In the second step, we read all csv files (each file corresponds to a single stock symbol e.g. GE). We are inserting 10,000 records per batch. In this code, only csv module is required. We are loading the file incrementatlly, which preserves memory usage by loading python process. Same process can be used to load large files as well.

# Import required libraries
import csv
import requests

# Set the directory path containing stock market CSV files
directory = '/data/stock-market-dataset/stocks'

# Define batch size for bulk processing
batch_size = 10000

# Initialize counter for total records processed
total_count = 0

# Define mapping between CSV field names and desired database column names
field_mapping = {
    'Date': 'date',
    'Open': 'open',
    'High': 'high',
    'Low': 'low',
    'Close': 'close',
    'Adj Close': 'adj_close',
    'Volume': 'volume',
    'symbol': 'symbol'
}

def map_fields(rec: dict):
    """
    Transform input record fields according to field_mapping 
    and handle data type conversions

    Args:
        rec (dict): Input record with original field names

    Returns:
        dict: Transformed record with mapped field names and converted values
    """
    output = dict()
    for k, v in rec.items():
        # Map the field name using field_mapping, keep 
        # original if no mapping exists
        k = field_mapping.get(k, k)

        # Convert empty values to None
        if not v: 
            v = None

        # Convert volume to integer if present
        if k == 'volume':
            if v:
                # First convert to float to handle scientific notation
                v = float(v)  
                # Then convert to integer
                v = int(v)    
        output[k] = v
    return output

def insert_records(batch: list, table_name: str):
    """
    Insert a batch of records into the specified database table

    Args:
        batch (list): List of records to insert
        table_name (str): Name of the target database table
    """
    if batch:
        # Transform all records in the batch
        batch = [map_fields(r) for r in batch]

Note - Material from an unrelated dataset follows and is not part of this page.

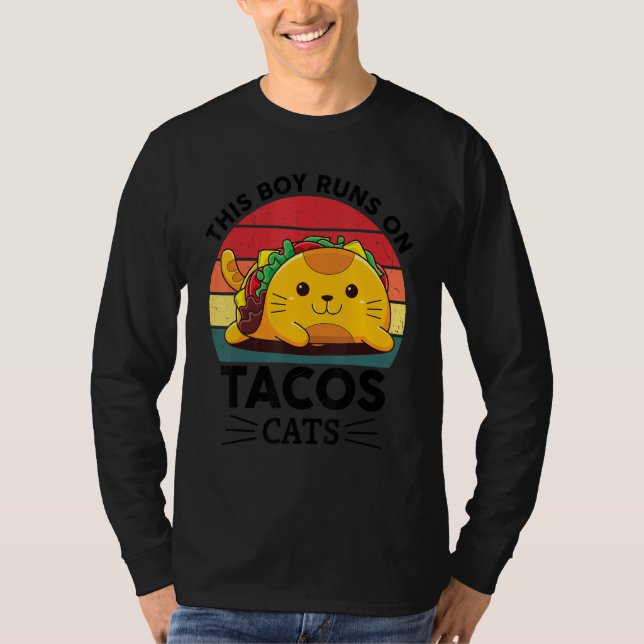 Cats Taco Mexican  TacoCats for Boys Kids Cinco De T-Shirt (Vorderseite)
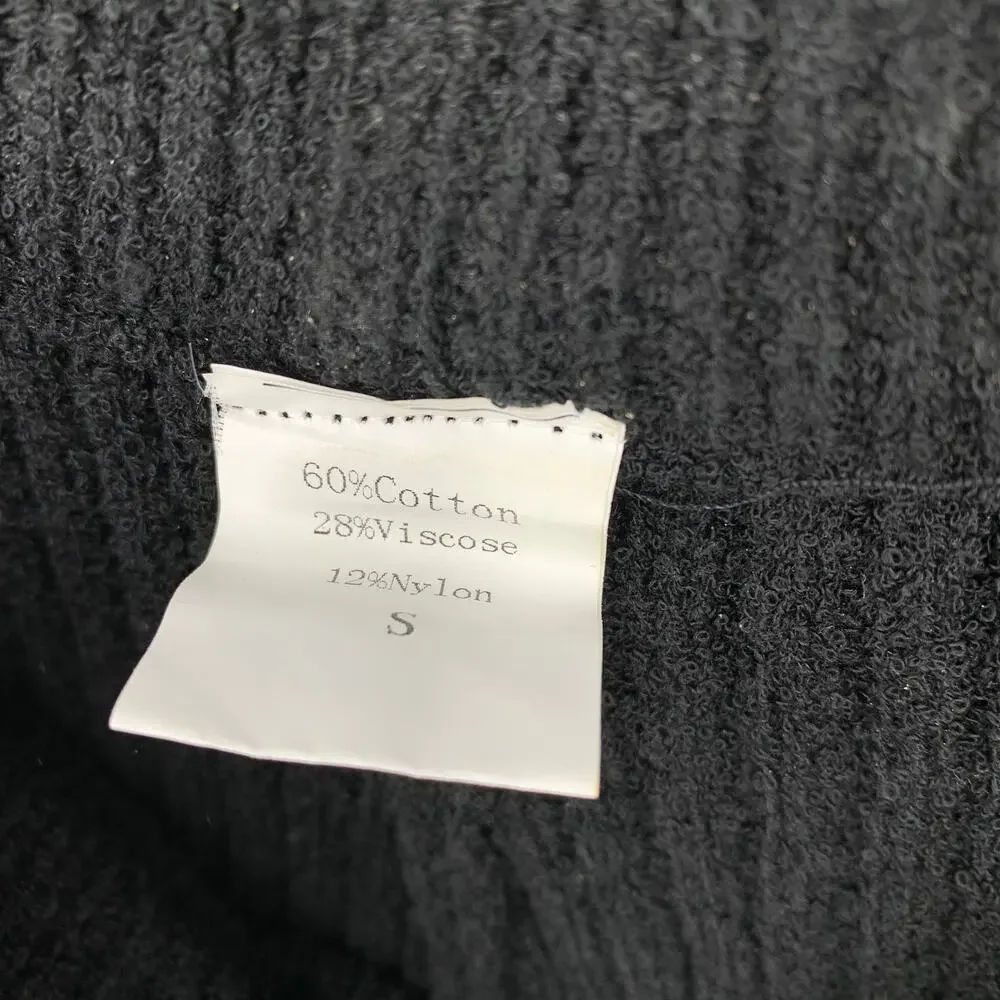 Unbranded Ribbed Knit Shorts Womens Size Small Pull On Waist Black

        # Prepare payload for API request
        payload = {'records': batch}

        # Send POST request to API endpoint
        res = requests.post(f'{base_url}/api/v1/tables/{table_name}'
                    , headers=headers, json=payload)
        assert res.ok, f'Error: {res.text}'

        # Update total count of processed records
        global total_count
        total_count += len(batch)

# Main processing loop - iterate through all CSV files in the directory
for name in sorted(os.listdir(directory)):
    # Extract symbol from filename by removing .csv extension
    symbol = name.replace(".csv", "")

    # Display progress update (using carriage return for inline updates)
    print(f"Loading, total count: {total_count}, symbol: {symbol}    "
                , end="\r")

    # Open and process each CSV file
    with open(os.path.join(directory, name)) as f:
        batch = []
        # Read CSV file line by line
        for r in csv.DictReader(f):
            # Add symbol to each record
            r['symbol'] = symbol
            batch.append(r)

            # When batch size is reached, insert records and clear batch
            if len(batch) == batch_size:
                insert_records(batch, 'stock')
                batch.clear()

# Insert any remaining records in the final batch
insert_records(batch, 'stock')
Note: This document outlines only a fraction of available APIs.